"""

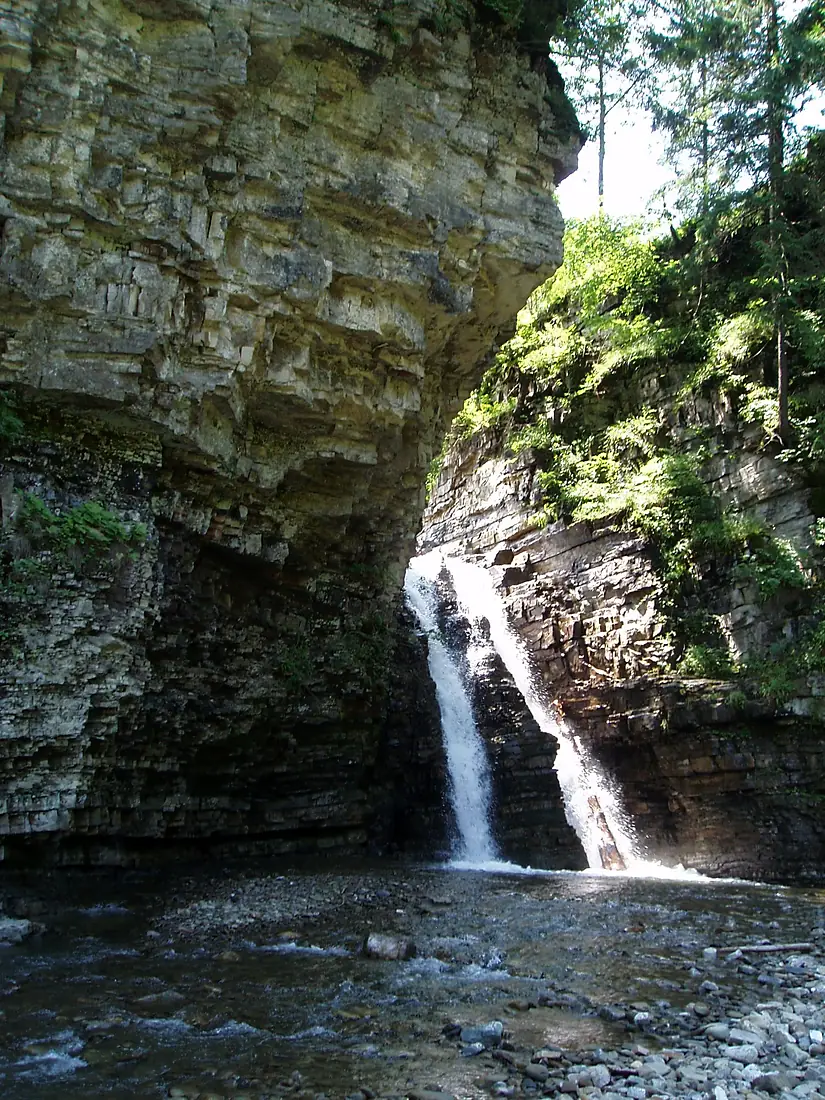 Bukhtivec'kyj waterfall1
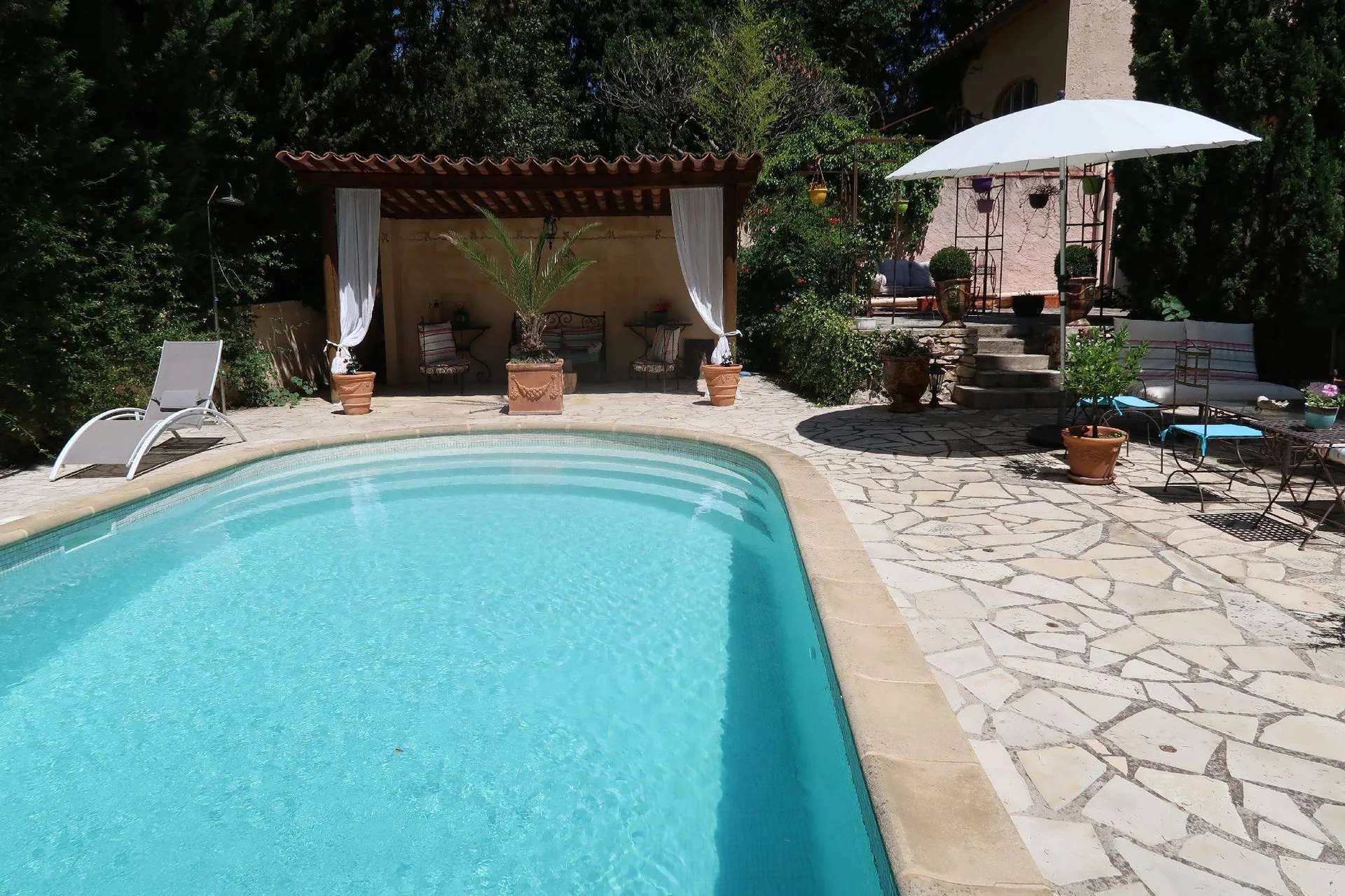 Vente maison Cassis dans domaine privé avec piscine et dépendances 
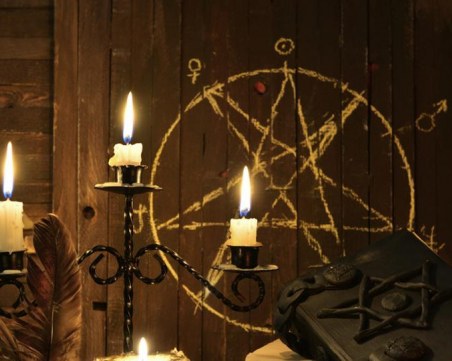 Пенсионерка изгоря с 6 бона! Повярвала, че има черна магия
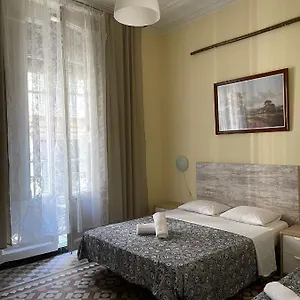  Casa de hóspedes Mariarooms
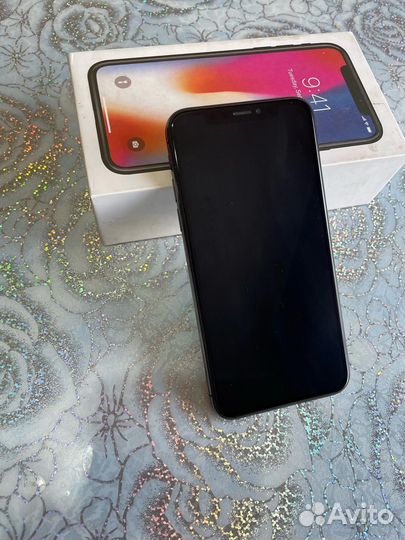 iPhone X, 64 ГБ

"""

The task
Omit the pictures and copy the records above exactly.

The completed task
 Bukhtivec'kyj waterfall1
 Vente maison Cassis dans domaine privé avec piscine et dépendances 
 Пенсионерка изгоря с 6 бона! Повярвала, че има черна магия
  Casa de hóspedes Mariarooms
 iPhone X, 64 ГБ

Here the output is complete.